FOR PUBLICATION
UNITED STATES COURT OF APPEALS
FOR THE NINTH CIRCUIT
NATIONAL LABOR RELATIONS No. 21-71060
BOARD,
Petitioner, NLRB Nos.
31-CA-028589
v. 31-CA-028661
31-CA-028667
AMPERSAND PUBLISHING, LLC, 31-CA-028700
DBA Santa Barbara News-Press, 31-CA-028733
Respondent. 31-CA-028734
31-CA-028738
31-CA-028799
31-CA-028889
31-CA-028890
31-CA-028944
31-CA-029032
31-CA-029076
31-CA-029099
31-CA-029124
OPINION
On Petition for Review of an Order of the
National Labor Relations Board
Argued and Submitted April 14, 2022
Pasadena, California
2 NLRB V. AMPERSAND PUBLISHING
Filed August 11, 2022
Before: Richard A. Paez, D. Brooks Smith, * and
Bridget S. Bade, Circuit Judges.
Opinion by Judge Paez
SUMMARY **
National Labor Relations Boars / Fees
The panel granted the National Labor Relations Board’s
petition for enforcement of its compliance order requiring an
employer to reimburse a union for legal fees incurred during
the collective bargaining process.
The Board found that the employer engaged in unusually
aggravated misconduct sufficient to warrant more than a
traditional remedy, and ordered the employer to reimburse
the union for the costs and expenses the union incurred
during collective bargaining sessions. On appeal, the D.C.
Circuit upheld the Board’s findings and enforced its orders
in full. The parties could not reach an agreement on the total
amount the employer should be required to pay in remedies,
and in July 2018, the Regional Director for NLRB Region
27 issued a compliance specification detailing how much the
employer owed. After the employer responded to the
*
The Honorable D. Brooks Smith, United States Circuit Judge for
the U.S. Court of Appeals for the Third Circuit, sitting by designation.
**
This summary constitutes no part of the opinion of the court. It
has been prepared by court staff for the convenience of the reader.
NLRB V. AMPERSAND PUBLISHING 3
specification, the Board granted the Board’s General
Counsel’s motion for partial summary judgment. On
remand, an administrative law judge granted the full amount
of claimed costs and expenses incurred by the union during
bargaining. The Board applied to this court for enforcement
of its compliance order.
The union incurred legal fees for consultations with its
outside counsel during contract negotiations, and the
Regional Director included those fees in the compliance
order as part of the bargaining expenses for which the
employer was required to reimburse the union. The panel
rejected the employer’s argument that D.C. Circuit
precedent established that the Board lacked power to order
the reimbursement of legal fees. The panel held that the D.C.

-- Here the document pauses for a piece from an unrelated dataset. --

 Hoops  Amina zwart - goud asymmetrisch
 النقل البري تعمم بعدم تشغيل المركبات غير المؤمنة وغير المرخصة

Circuit’s opinions were specifically limited to the context of
litigation, and they did not bar the award at issue here. The
National Labor Relations Act grants the Board broad
discretion to impose remedies for unfair labor practices. The
panel held that the award of legal fees in this case was
exactly the sort of remedy that courts have upheld as within
the Board’s statutory remedial authority. Prior adjudications
established that the employer committed an unfair labor
practice by refusing to bargain with the union in good faith.
The remedy was directly targeted at the employer’s
violation. Notably, the Board’s compliance order included
only those legal fees incurred during collective bargaining.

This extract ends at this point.